Had lemon crepes for breakfast this morning topped with freezer strawberry jam on top. I wangled the recipe from the waitress. she said we would need 1/4 cup butter,1/2 cup cold water,1/4 cup milk,2 eggs, 2 egg yolks, 3/4 cup flour,1 tab. sugar,1 tea lemon zest,1/4 tea. salt.Clarify the butter, making sure to skim off the surface foam. Spoon the clear butter into a measure cup discard the milky solids at the bottomof the pan.this will make 2 Tab. of clarified butter. In med bowl or blender jar combine the butter, water,milk,whole eggs,egg yolks, flour,sugar,zest,salt. mix or blend til smooth will make 15 or 20 crepes
kades


----------



## medtran49 (Dec 11, 2012)

Basic savory crepes made with eggs, milk, flour, salt.  Then in bottom 1/4 of crepe wedge of fontina cheese, fold over in half, wedge of mozzarella on top of fontina, then fold in half again to where you have 1/4 of a circle, place in baking dish with a little of your favorite italian tomato sauce on bottom, cover with more t. sauce, bake for 20 minutes or so, sprinkle with more moz and/or parm, 10 more minutes in over to melt cheese and serve.


----------



## Snip 13 (Dec 11, 2012)

buckytom said:


> lol, i don't think quick my answer would exist very long...
> 
> but otherwise, yes i do! well, i mean mom did... hmm, as described in my first reply.
> 
> ...


 
Oh my word Bucky! Behave 
Please tell me you didn't just say your mother does the tossing for you?!


----------



## Snip 13 (Dec 11, 2012)

What was the question again? Oh yes, crepes.

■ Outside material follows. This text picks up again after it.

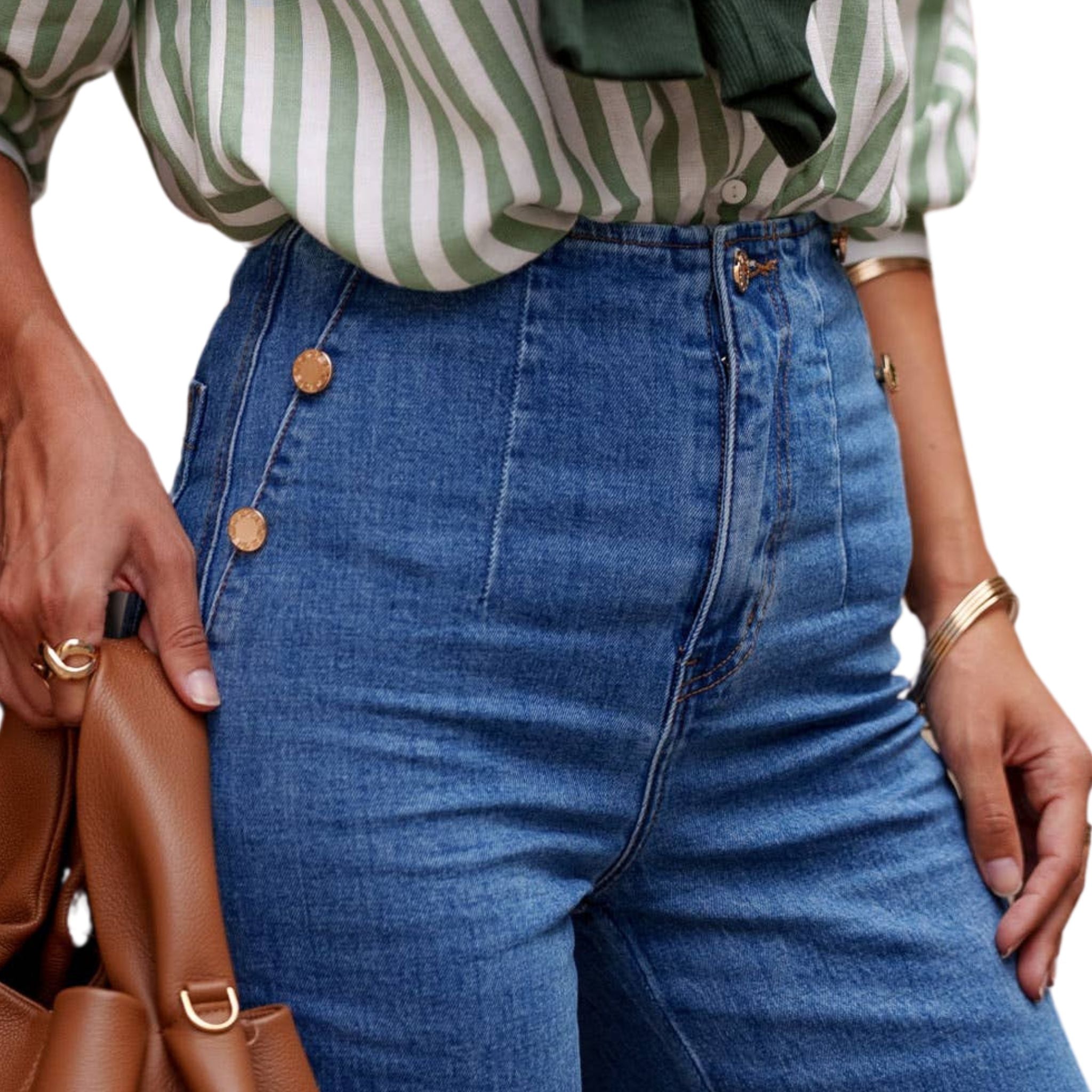 Stylish Wide Leg Venise Jeans - Medium Wash Denim for Women | Perfect for Casual Outings & Boho Chic Looks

I use 2 cups of flour, pinch of salt, 1 tsp of baking powder, one egg beaten. Whisk in half a cup of milk and as much cold water as needed to make a thin batter. I then stir in 2 tsps of melted butter. Spray a non stick pan with oil, heat on high. Pour in a ladle of batter and swirl to coat pan, flip when surface bubbles and fry a minute or 2 on the other side and do this till batter is used up.
We serve them with either cinnamon sugar or syrup. Sometimes I fill them with creamed spinach and roll them up, top with cheese and grill till cheese is golden and serve with salad as a main course.


----------



## Kylie1969 (Dec 11, 2012)

kadesma said:


> Had lemon crepes for breakfast this morning topped with freezer strawberry jam on top. I wangled the recipe from the waitress. she said we would need 1/4 cup butter,1/2 cup cold water,1/4 cup milk,2 eggs, 2 egg yolks, 3/4 cup flour,1 tab. sugar,1 tea lemon zest,1/4 tea. salt.Clarify the butter, making sure to skim off the surface foam. Spoon the clear butter into a measure cup discard the milky solids at the bottomof the pan.this will make 2 Tab. of clarified butter. In med bowl or blender jar combine the butter, water,milk,whole eggs,egg yolks, flour,sugar,zest,salt. mix or blend til smooth will make 15 or 20 crepes
> kades



These sound delicious Kades, thank you


----------



## Kylie1969 (Dec 11, 2012)

medtran49 said:


> Basic savory crepes made with eggs, milk, flour, salt.  Then in bottom 1/4 of crepe wedge of fontina cheese, fold over in half, wedge of mozzarella on top of fontina, then fold in half again to where you have 1/4 of a circle, place in baking dish with a little of your favorite italian tomato sauce on bottom, cover with more t. sauce, bake for 20 minutes or so, sprinkle with more moz and/or parm, 10 more minutes in over to melt cheese and serve.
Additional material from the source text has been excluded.